● YOUR INSTRUCTIONS: Provide an exact copy of the data, excluding the images.

● RECORDED DATA:
============================================================

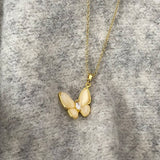 NEW CATS EYE STONE DESIGN BUTTERFLY NECKLACE_CWAJE3086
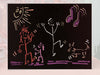 Image of a drawing on a black chalkboard of stick figures dancing 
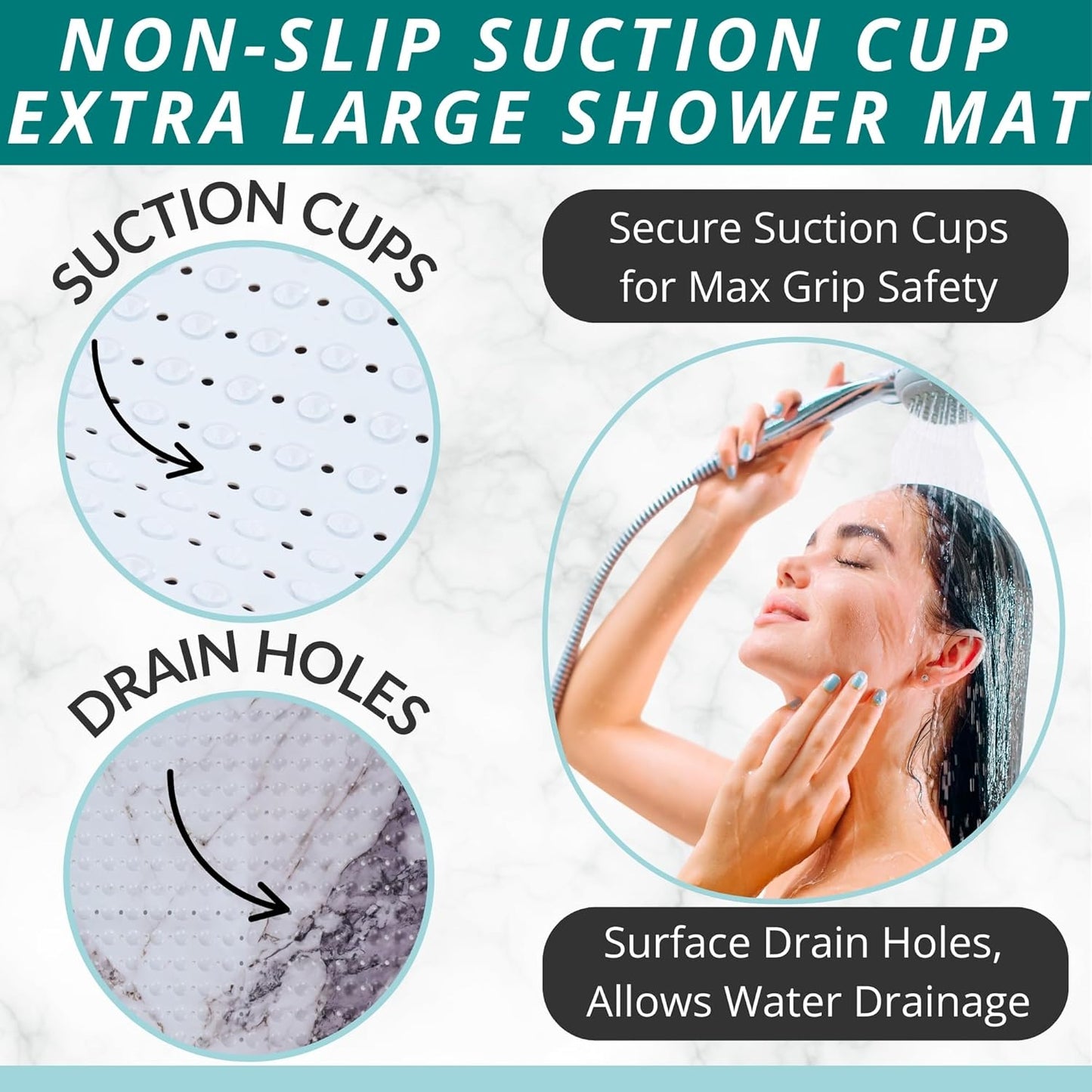 ENKOSI Extra Large Square Non Slip Shower Mat - 31 x 31-inch XL Bathroom Shower Mat - Square Shower Matts for Shower Stall Floors - Secure Suction Cups and Drain Holes (31x31 Marble Grey)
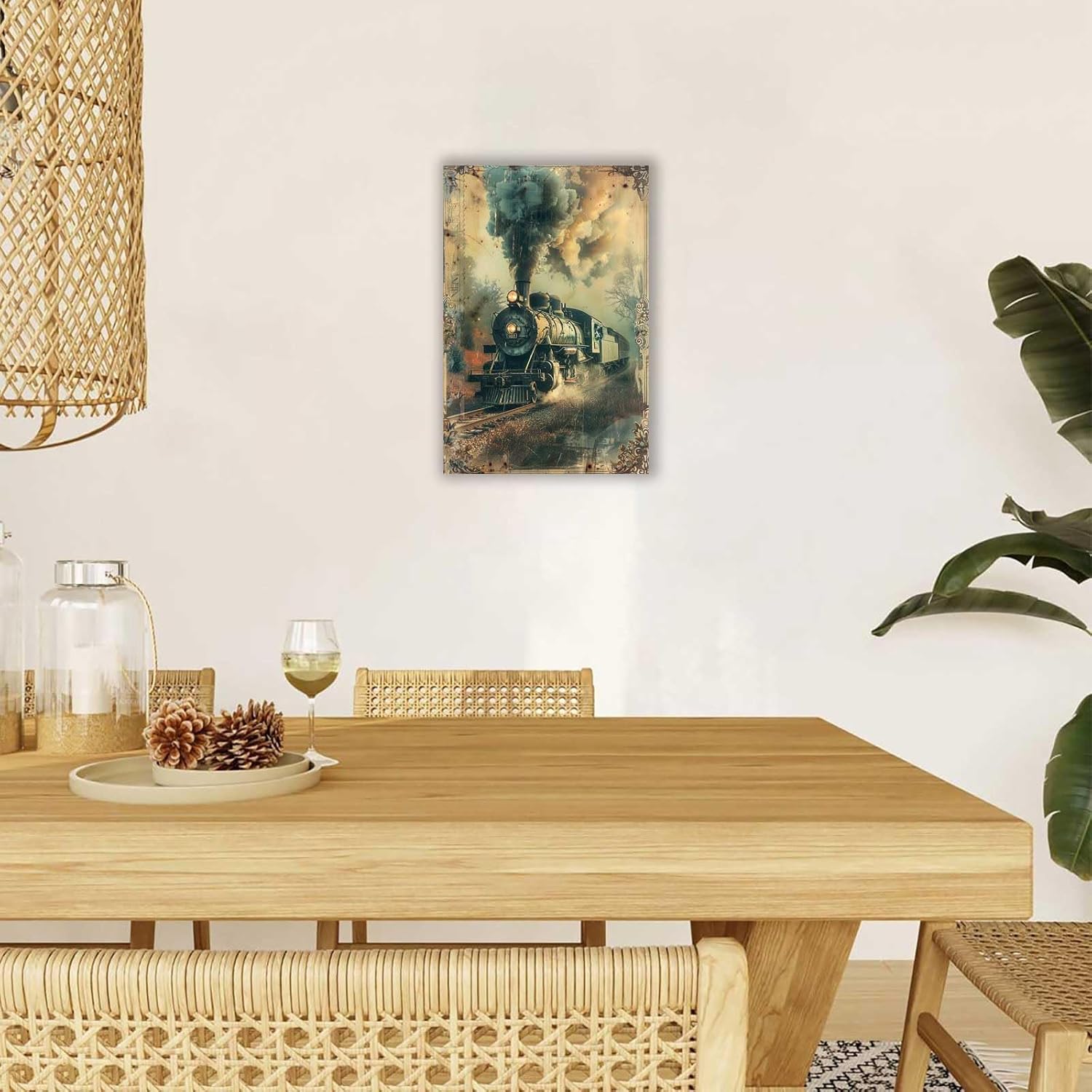 Vintage Steam Train Posters Countryside Railway Travel Canvas Wall Art Nostalgic Retro 90s Old Train Prints Painting For Living Room Bedroom Office Wall Decor 16x24in Wframed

============================================================

● SOLVED EXERCISE:
 NEW CATS EYE STONE DESIGN BUTTERFLY NECKLACE_CWAJE3086
 Image of a drawing on a black chalkboard of stick figures dancing 
 ENKOSI Extra Large Square Non Slip Shower Mat - 31 x 31-inch XL Bathroom Shower Mat - Square Shower Matts for Shower Stall Floors - Secure Suction Cups and Drain Holes (31x31 Marble Grey)
 Vintage Steam Train Posters Countryside Railway Travel Canvas Wall Art Nostalgic Retro 90s Old Train Prints Painting For Living Room Bedroom Office Wall Decor 16x24in Wframed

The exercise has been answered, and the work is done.